Le plus surprenant à mon avis, c’est la déclaration inattendue du ministre italien de l’environnement qui a affirmé qu’il n’existe entre son ministère et celui du royaume du Maroc aucune convention au sujet des déchets et que, par conséquent, il n’y a eu entre les deux ministres ni discussion ni accord sur ce dossier. Alors, avec qui notre ministre a-t-elle négocié ? Etre responsable officielle et agir en dehors du gouvernement ou d’institutions agrées me paraît inconcevable. C’est un acte grave  qui bafoue la constitution et répugne à la morale. Il ne peut en sortir, ici, que des calamités écologiques.

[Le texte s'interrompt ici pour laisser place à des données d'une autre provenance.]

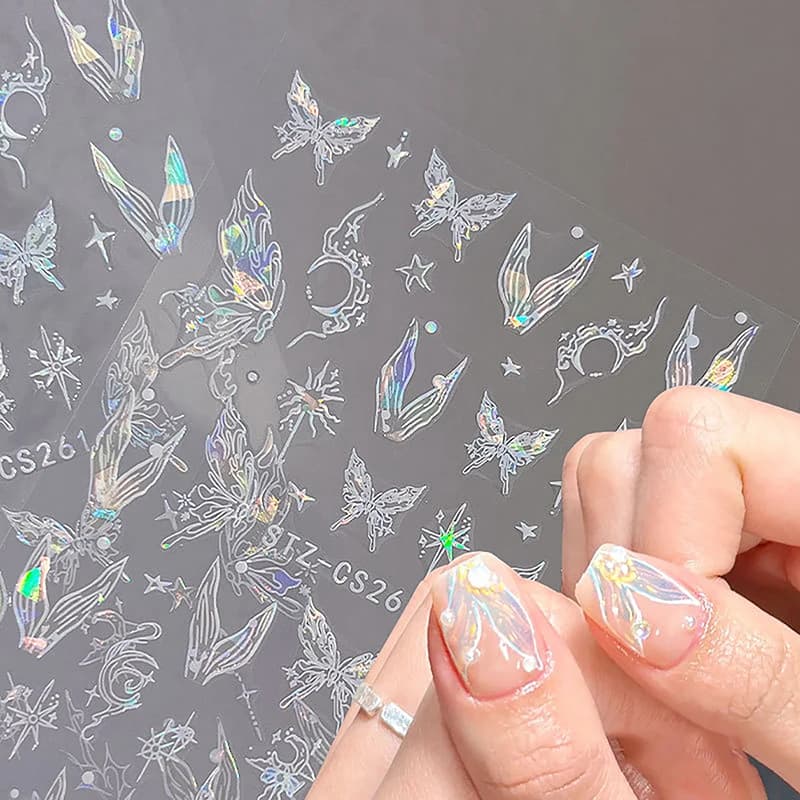Adesivi per Unghie Effetto Coda di Sirena e Farfalla, Decorazioni 3D per Nail Art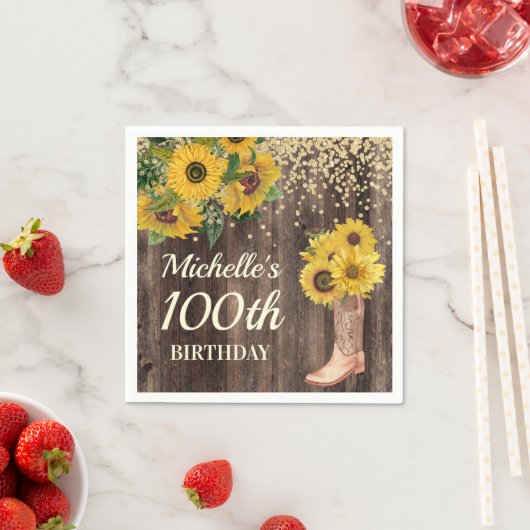 Rustikaler Sonnenblumen Glitzer Stiefel Holz 100. Serviette (Beispiel)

Ce qui fait enfin mal dans cette affaire, c’est le communiqué de presse du porte parole du gouvernement qui révèle l’implication incontestable de ce dernier dans le scandale écologique, traduit la forte pression populaire qu’il a subie, le désaveu de la ministre et de ses partisans, même appartenant à la majorité, son adhésion empressée aux réclamations  justes des citoyens. Il dénude l’absence de politique écologique même de court terme, encore plus de moyen et de long termes.

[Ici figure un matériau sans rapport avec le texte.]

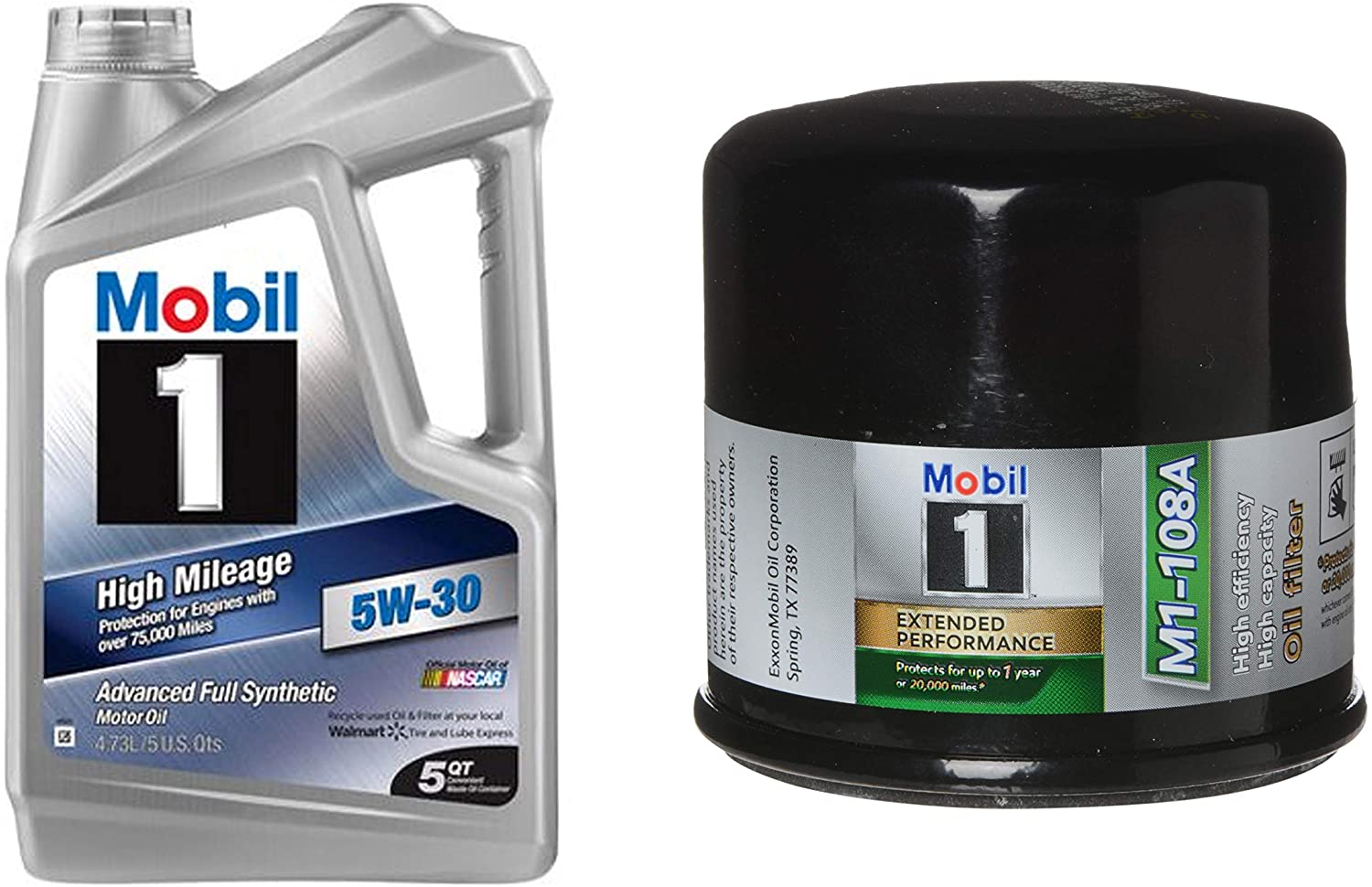 Mobil 1 5W-30 High Mileage Full Synthetic Motor Oil, 5-Quart, Single Bundle 5W-30 High Mileage Full Synthetic Motor Oil, 5-Quart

Et maintenant, que reste-t-il à faire ? Sans doute, tirer les leçons et aspirer au meilleur pour notre bien être et pour la réputation de notre pays. Je ne crois pas, un seul instant, que notre ministre, même fautive ou mal conseillée, soit moins citoyenne que nous, aime son pays moins que nous. Elle est, au final, issue d’un parti ancien, de combattants, de résistants et de partisans  loyaux, dévoués et acquis à toutes les causes nationales. A ces titres et pour ces convictions, je me permettrai de lui faire quelques suggestions, en dehors du cadre technique  auquel je ne comprends rien.  Je lui proposerai de saisir l’opportunité de cette prise de conscience massive pour la cause écologique pour initier, à travers les écoles, des programmes d’apprentissage et d’éducation théoriques et pratiques, à travers les médias, des campagnes de sensibilisation  directe et insistante et à travers les institutions judiciaires, de créer un souci écologique permanent pour les législateurs. Je lui proposerai de batailler pour faire admettre aux communes de restaurer et de créer des espaces verts proportionnels à l’évolution démographique et urbanistique et d’en assurer la protection et l’entretien, de leur faire admettre la nécessité de séparer les zones industrielles des habitations par des ceintures vertes, de recruter, en quantité suffisante, le personnel de nettoyage, formé, équipé et rétribué correctement. Cela peut paraître excessif et même utopique. Oui, avec la mentalité actuelle.  Tout à fait envisageable et réalisable avec celle à laquelle nous devons aspirer et avec la rationalisation des dépenses que nous effectuons. Dieu merci, le Maroc dispose de cadres compétents et de citoyens intègres. Ils sont parfois méconnus ou contrariés mais il faut les chercher et leur faciliter l’accès aux postes de responsabilité. En un mot, il faut croire fermement qu’un avenir meilleur est  nécessaire et est tout à fait  possible.